Copy, exactly as written, the lines that begin at the one containing "Fototapeta premium A" and end at the one containing "Rdhnmea Women Half". Skip any pictures in the data below.

◆ EXTRACTED RECORDS:
§
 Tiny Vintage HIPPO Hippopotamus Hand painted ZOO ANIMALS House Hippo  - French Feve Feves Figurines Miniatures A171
§
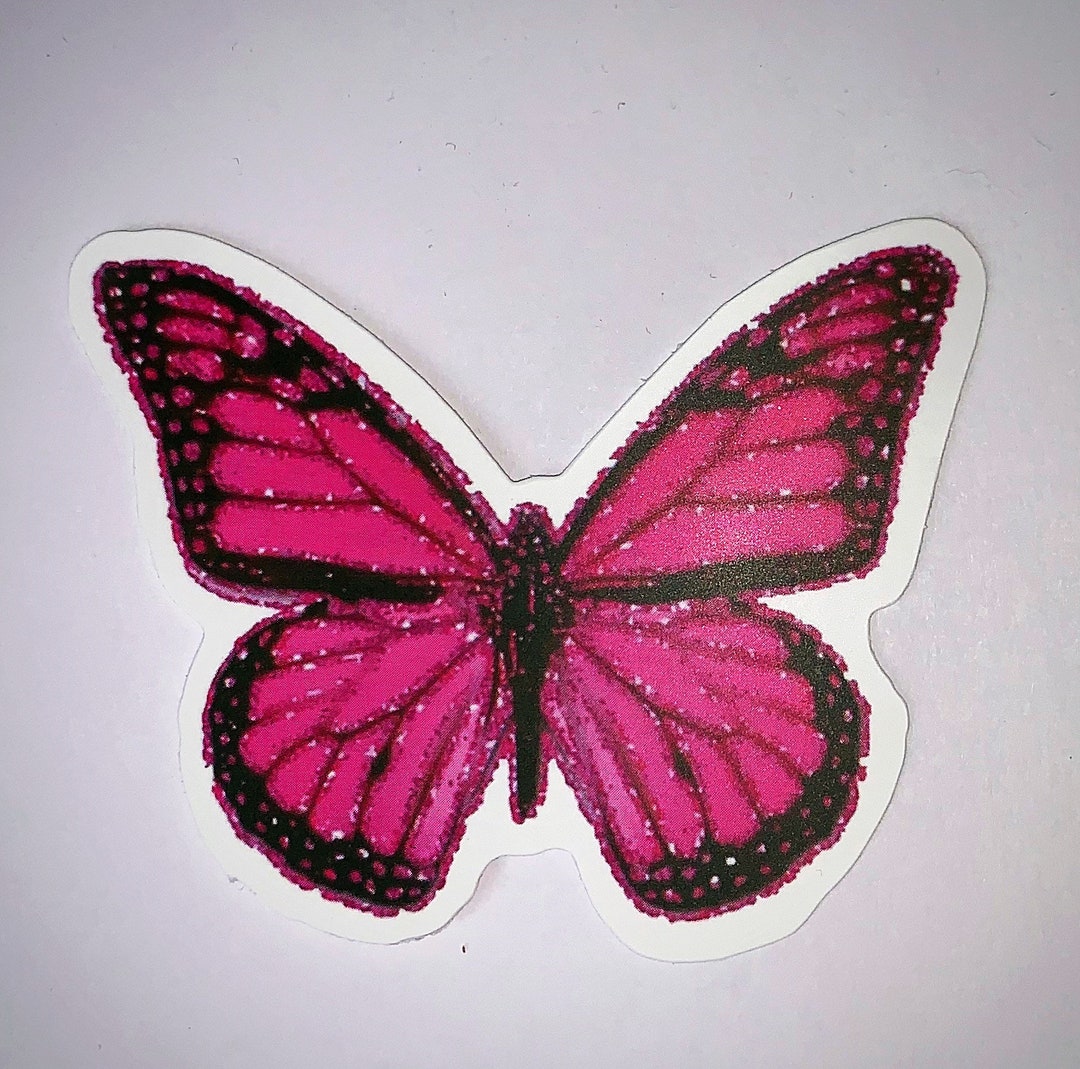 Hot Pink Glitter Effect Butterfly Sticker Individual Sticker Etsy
§
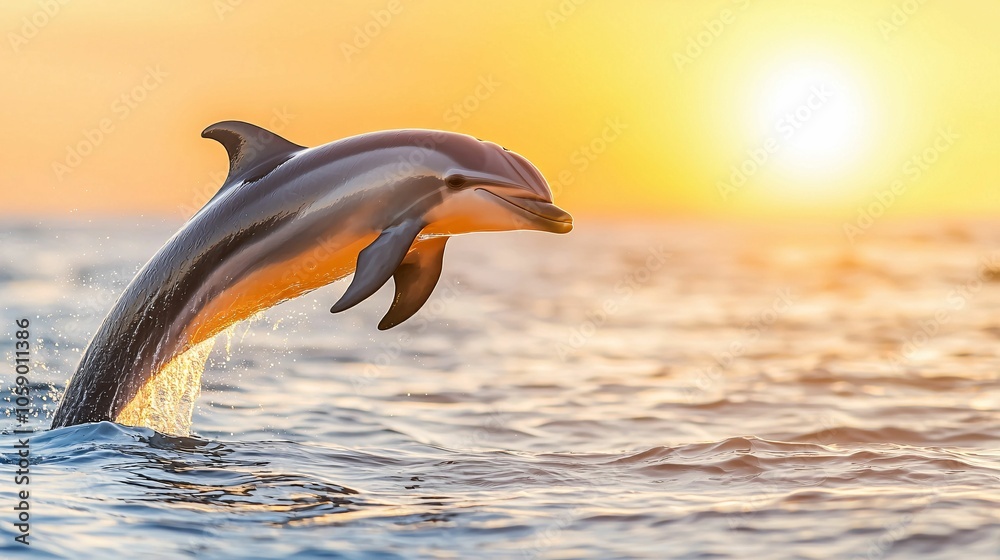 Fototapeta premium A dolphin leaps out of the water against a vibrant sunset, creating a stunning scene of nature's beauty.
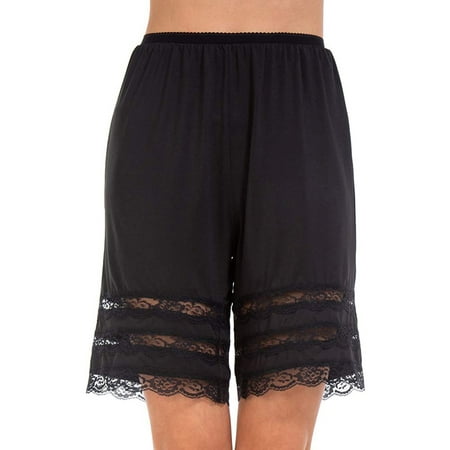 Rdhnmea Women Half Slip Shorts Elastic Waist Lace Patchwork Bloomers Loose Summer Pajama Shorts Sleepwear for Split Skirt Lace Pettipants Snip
§
◆ EXERCISE RESPONSE:
 Fototapeta premium A dolphin leaps out of the water against a vibrant sunset, creating a stunning scene of nature's beauty.
 Rdhnmea Women Half Slip Shorts Elastic Waist Lace Patchwork Bloomers Loose Summer Pajama Shorts Sleepwear for Split Skirt Lace Pettipants Snip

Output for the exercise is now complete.